IDOR: The One-Line Bug That Exposes Everyone's Data 🔓👀
IDOR: The One-Line Bug That Exposes Everyone's Data 🔓👀
Story time: A developer at a mid-sized SaaS company built a beautiful REST API. Auth tokens? ✅ HTTPS? ✅ Passwords hashed? ✅ Rate limiting? ✅
A security researcher signed up for a free trial, grabbed their invoice URL from the dashboard:
GET /api/invoices/10482
Changed 10482 to 10481. Got someone else's invoice. Changed it to 1. Got the CEO's invoice from 2019. Reported it. The company had exposed 10,000+ customer invoices for two years. 💀
That's Insecure Direct Object Reference — OWASP's perennial top-10 guest, and possibly the most embarrassing vulnerability in web development.
What Is IDOR, Exactly? 🤔
IDOR happens when your app exposes internal object identifiers (database IDs, filenames, UUIDs) directly in URLs or request bodies — and then fails to verify that the requesting user actually owns that object.
The attack is trivial:
- User logs in as themselves
- Sees a URL like
/api/orders/5523 - Tries
/api/orders/5522 - Gets someone else's order
- Loops through IDs 1–999999
- Downloads your entire database 🎉 (for them, not you)
No special tools. No advanced hacking skills. Just arithmetic. 🔢
The Vulnerable Code (Stop Writing This) 🚫
Here's the classic mistake — an Express.js route that trusts the ID parameter blindly:
// ❌ VULNERABLE: No ownership check!
app.get('/api/invoices/:id', authenticate, async (req, res) => {
const invoice = await Invoice.findById(req.params.id);
if (!invoice) {
return res.status(404).json({ error: 'Not found' });
}
// 🚨 We verified the user is logged in...

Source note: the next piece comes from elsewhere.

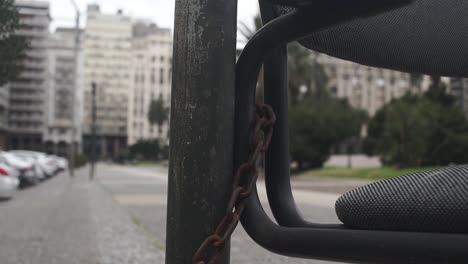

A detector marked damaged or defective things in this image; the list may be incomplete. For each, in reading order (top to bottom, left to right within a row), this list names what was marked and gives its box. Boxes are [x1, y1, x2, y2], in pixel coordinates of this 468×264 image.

rusty chain [192, 103, 276, 264]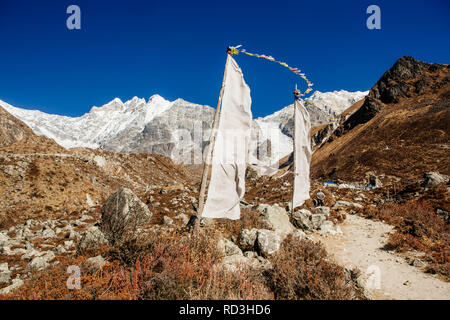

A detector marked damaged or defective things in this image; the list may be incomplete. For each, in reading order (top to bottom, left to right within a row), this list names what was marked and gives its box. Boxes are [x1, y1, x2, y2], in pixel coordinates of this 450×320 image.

// 🚨 But we never checked it's THEIR invoice!
return res.json(invoice);
});
The authenticate middleware confirms the user is logged in. It does absolutely nothing to confirm this invoice belongs to them. Attacker logs in with their own account, then browses everyone else's data.
Same mistake in Laravel:
// ❌ VULNERABLE: Route model binding without ownership check
Route::get('/invoices/{invoice}', function (Invoice $invoice) {
// Laravel auto-fetches the invoice — but for ANYONE who's logged in!
return response()->json($invoice);
})->middleware('auth');
This pattern is everywhere. It's the default way beginners write CRUD. And it's catastrophically insecure.
The Fix: Always Check Ownership 🔐
The rule is simple: every data-access operation must verify the requesting user owns (or is authorized to access) that resource.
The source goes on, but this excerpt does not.